No entanto, no campo político, a dinâmica é diferente. Quem realmente dá as cartas são duas figuras centrais da história recente do município. O ex-prefeito Rivelino Câmara foi o primeiro a receber de Ednardo o bastão do poder e, ao longo dos anos, manteve forte influência nas decisões políticas, dando a palavra final em quatro mandatos: dois de Evilásia e dois dele próprio.

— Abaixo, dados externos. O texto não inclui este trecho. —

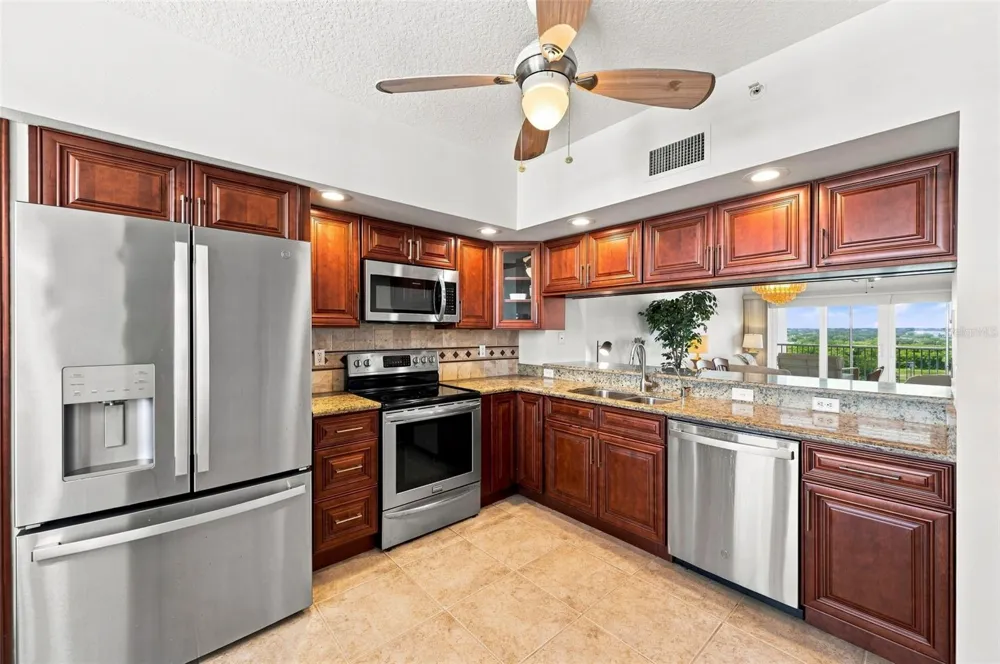 1200 COUNTRY CLUB DRIVE #5505 Largo, FL 33771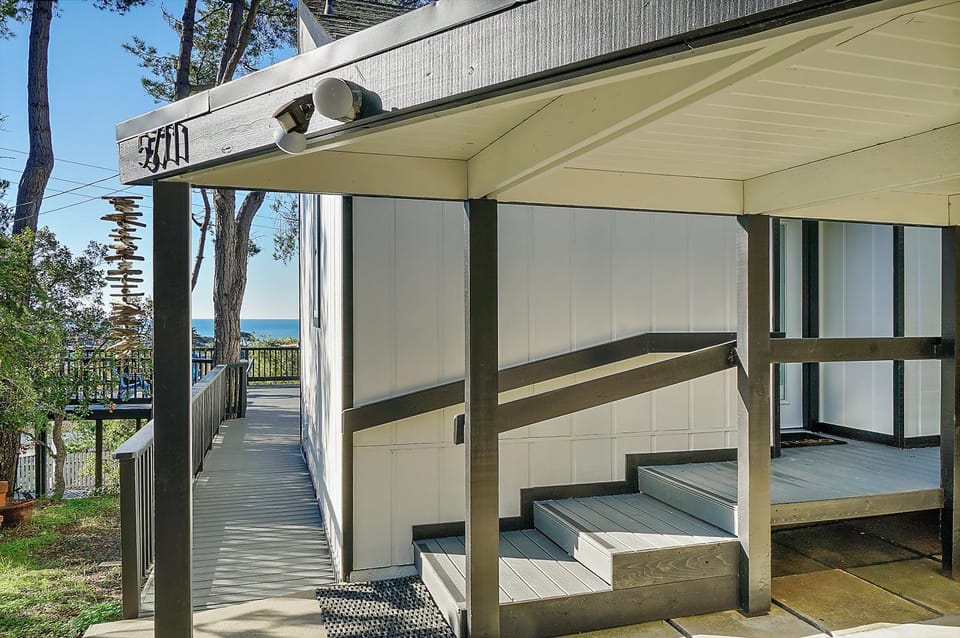 Driftwood Bungalow Ocean View Monthly Only House in Cambria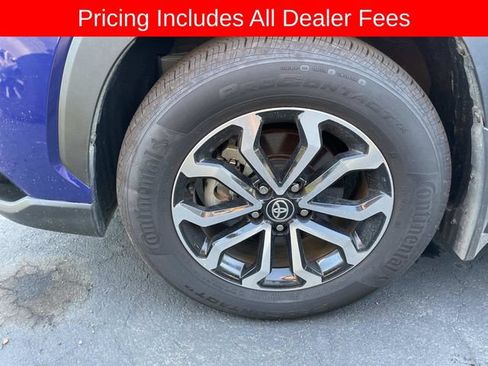 Used 2024 Toyota Corolla Cross AWD Hybrid image 2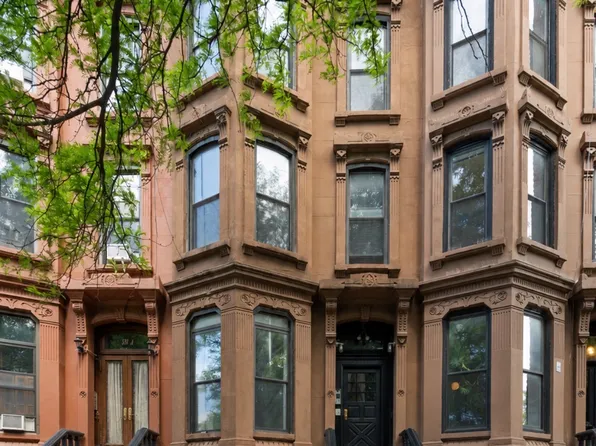 533 Washington Avenue image 1 of 8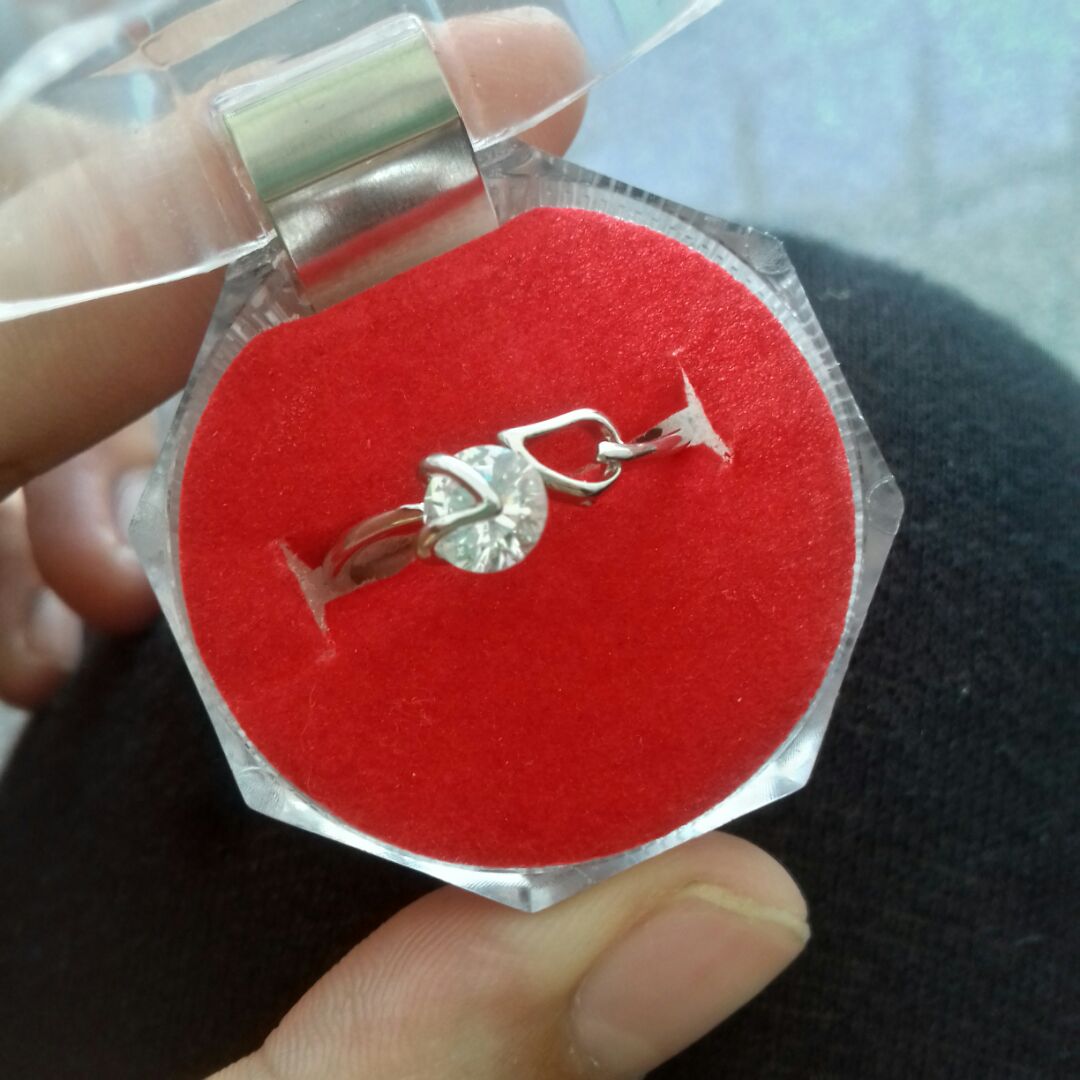 Hàng rất đẹp, đóng gói kĩ :3
Ship khá là nhanh :>
Mốt em sẽ ủng hộ típ '^'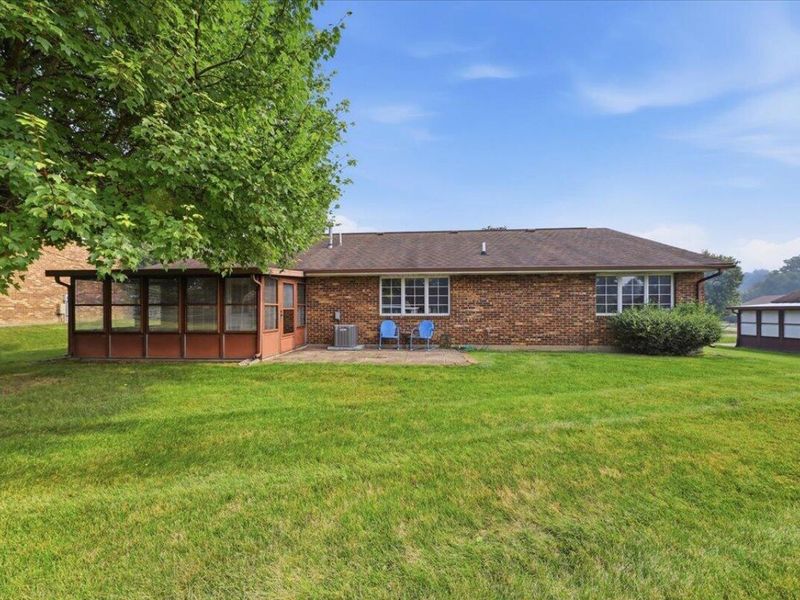 1045 Bradford Drive, Springfield, OH 45503 Photo 28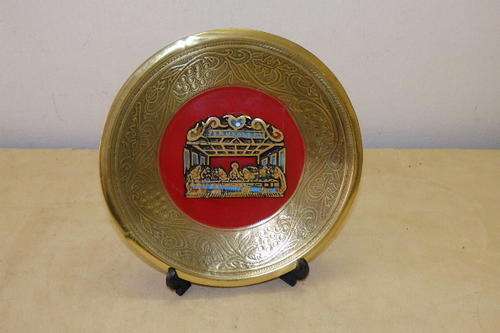 A STUNNING BRASS WALL PLATE WITH A JERUSALEM AND THE LAST SUPPER DECAL SET ONTO THE PLATE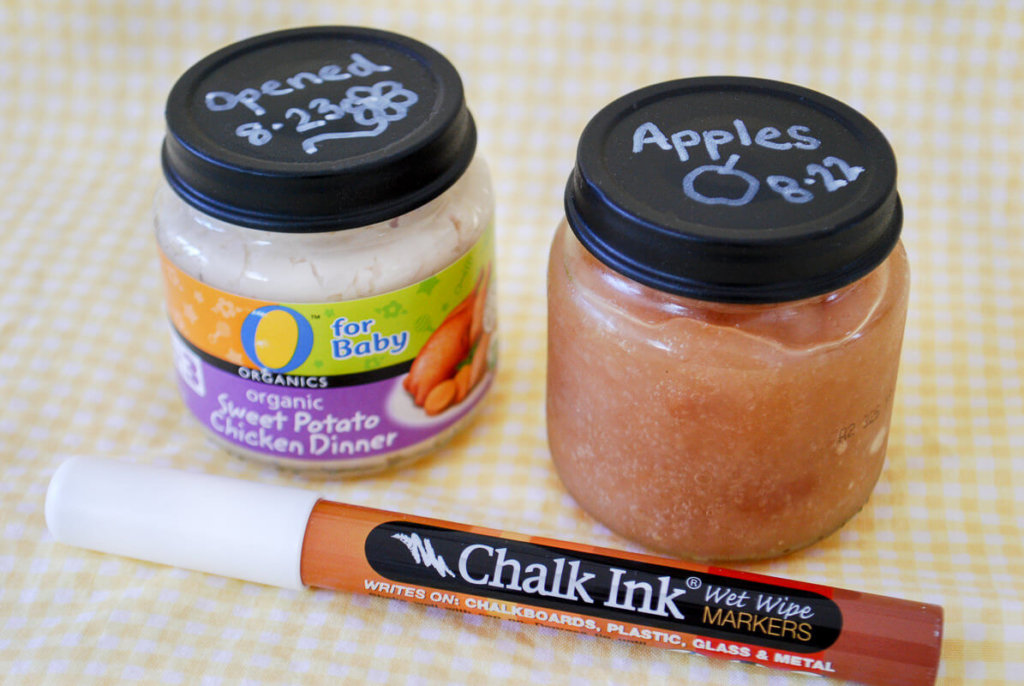 Make DIY chalkboard baby food jars to write on. Track when jars are opened and add freshness dates to homemade baby food. #baby #food #jars #craft #chalkboard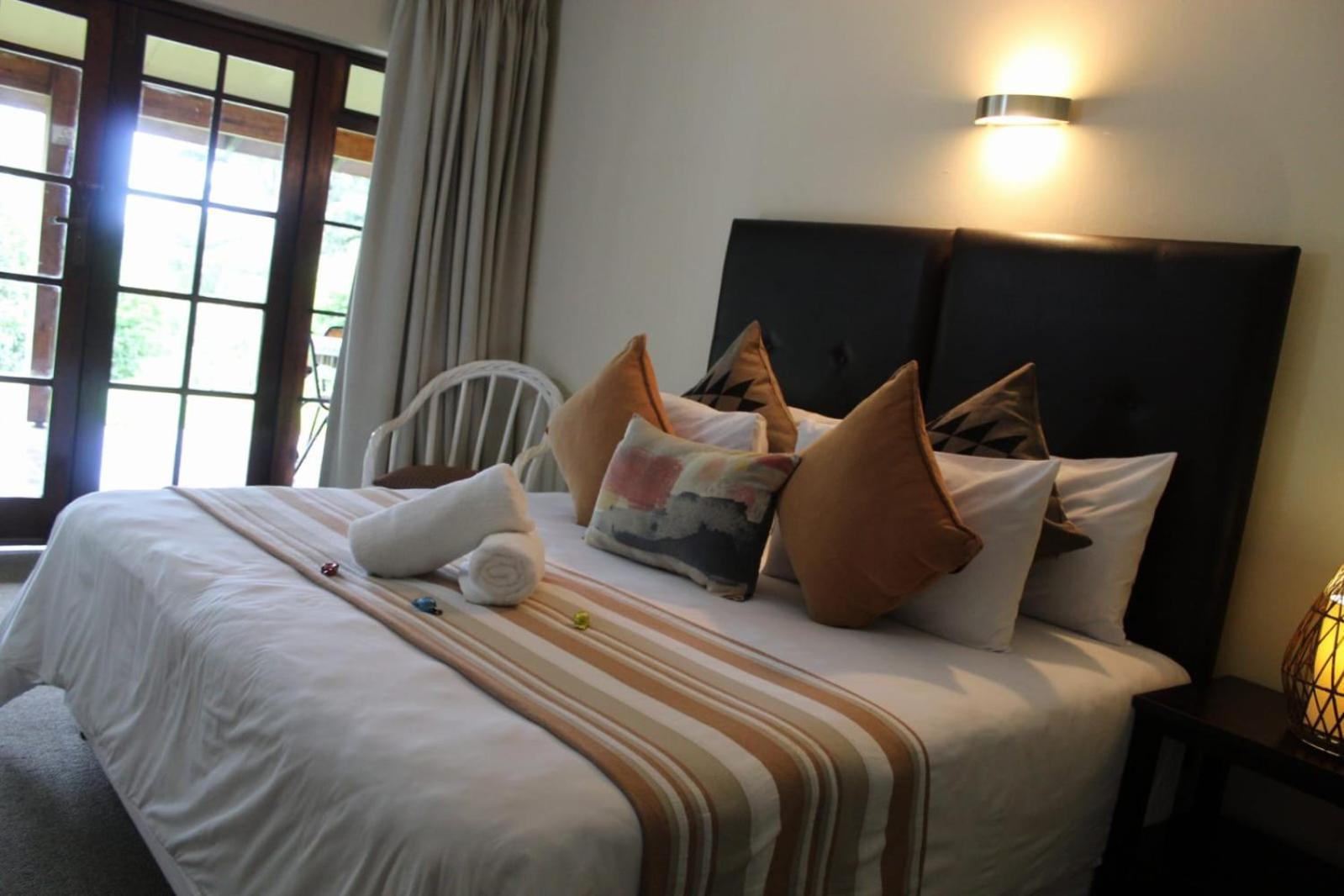 Phezulu Safari Park Villa Botha's Hill Exterior photo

Agora, em uma nova versão do “bigodão”, o filho mais novo assume o protagonismo e passa a gerenciar o palácio do poder, tendo Rivelino como guia e conselheiro. A transição, embora revestida de formalidade administrativa, carrega consigo o peso da continuidade política e da herança de grupo.
Os dois afilhados políticos de Ednardo desfrutam do comando e da estrutura do poder, mas também enfrentam um cenário de crescente rejeição popular. Nas conversas pelas ruas, nas rodas de amigos e nos bastidores da política local, o comentário é recorrente: a combinação “Pelé e Garrincha” pode até ter talento, mas dificilmente vencerá esse jogo.
Muitos afirmam que eles só permanecem em campo porque controlam a bola e o campo de futebol. Porém, como ensina a própria política, ter a estrutura não garante a vitória — é preciso conquistar a torcida. E, ao que tudo indica, essa torcida anda cada vez mais exigente, atenta e disposta a decidir os rumos da partida nas urnas.